Aim of the exercise:
All lines below between the line with "80 QUEEN STREET, Guelph, Ontario" and the line with "ШОРТЫ ЖЕНСКИЕ ДЖИНСОВЫЕ 2024-DS301-1", including both, must be copied exactly, and the pictures must be omitted.

(Crawled caption data)
━━━━━━━━━━━━━━━━━━━━━━━━━━━━━━

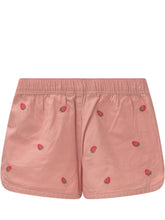 Shorts with Strawberries - EXTRA EXCLUSIVE KIDS | $store$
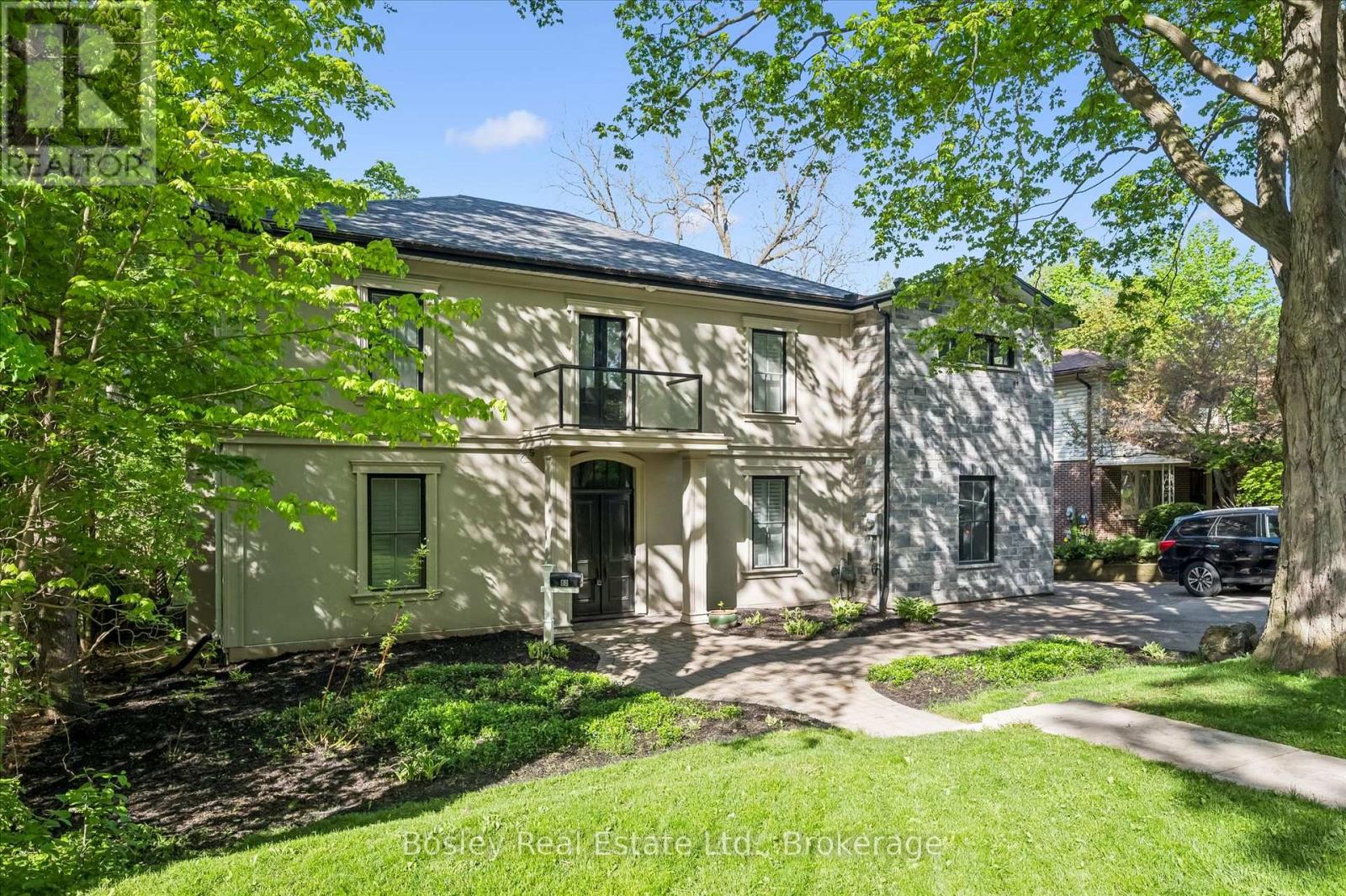80 QUEEN STREET, Guelph, Ontario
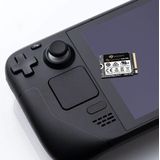 Seagate ZP2048GV3A002 internal solid state drive 2 TB M.2 PCI Express 4.0 NVMe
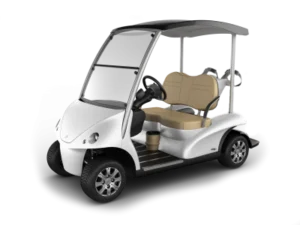 Garia Golf Cart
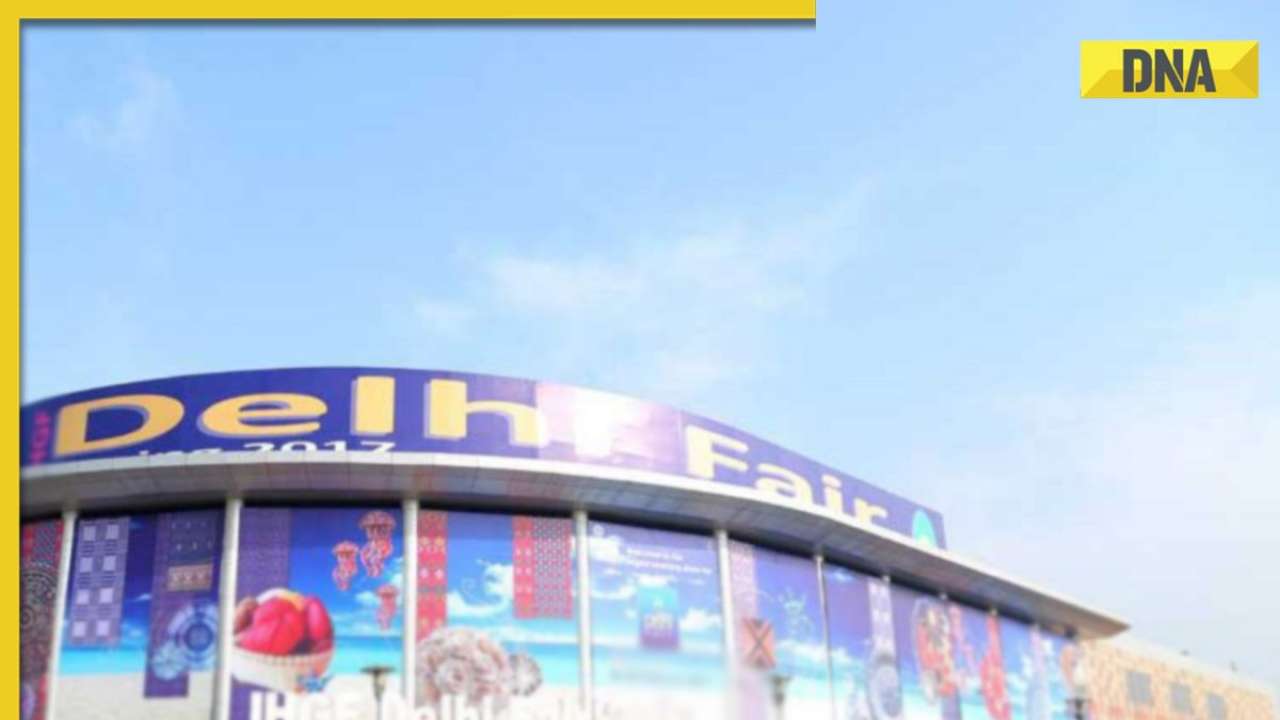Grand 55th IHGF Delhi Fair to be held from March 15-19 at India Expo Centre, Greater Noida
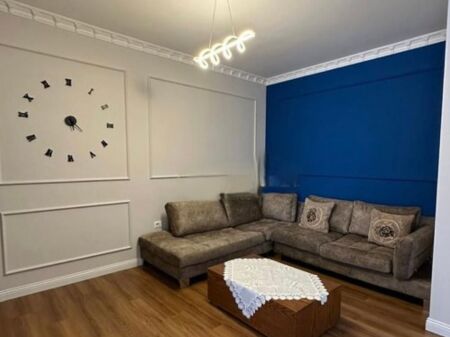 Appartamento 2+1 In Affitto in Rruga e Dibrës, Tirana - 650€ | 78.2 m² 650 € /Mese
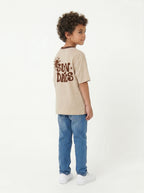 The Sun Daes Tee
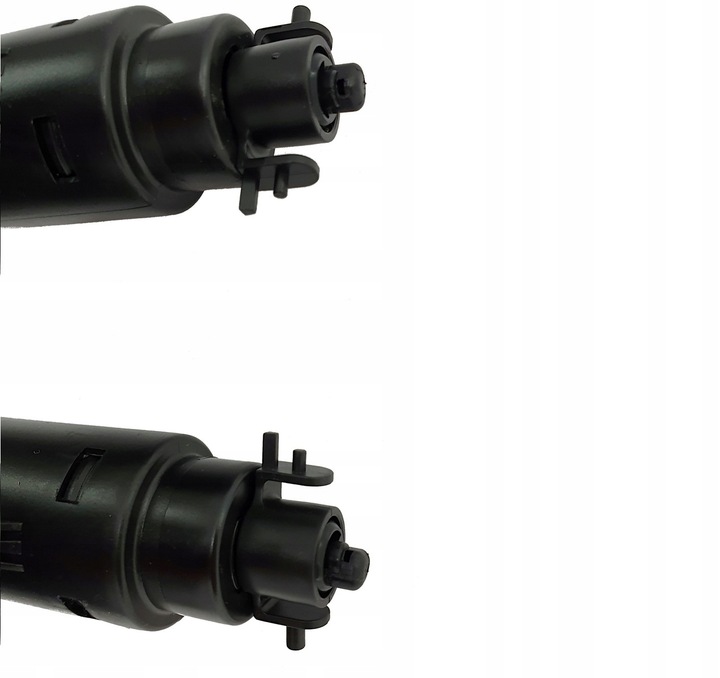 фото №5, Розпилювач заглушка фара porsche macan 95b 14-18 лівий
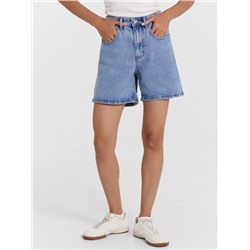 ШОРТЫ ЖЕНСКИЕ ДЖИНСОВЫЕ 2024-DS301-1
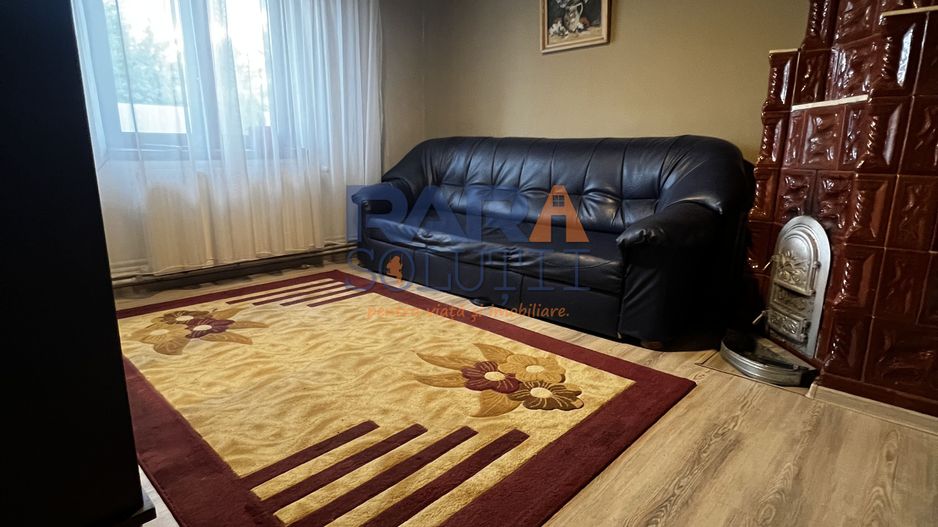 Casă Cordun, 2 dormitoare + living, 1000 mp teren - Poză 7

━━━━━━━━━━━━━━━━━━━━━━━━━━━━━━

Expected answer:
80 QUEEN STREET, Guelph, Ontario
 Seagate ZP2048GV3A002 internal solid state drive 2 TB M.2 PCI Express 4.0 NVMe
 Garia Golf Cart
Grand 55th IHGF Delhi Fair to be held from March 15-19 at India Expo Centre, Greater Noida
 Appartamento 2+1 In Affitto in Rruga e Dibrës, Tirana - 650€ | 78.2 m² 650 € /Mese
 The Sun Daes Tee
 фото №5, Розпилювач заглушка фара porsche macan 95b 14-18 лівий
 ШОРТЫ ЖЕНСКИЕ ДЖИНСОВЫЕ 2024-DS301-1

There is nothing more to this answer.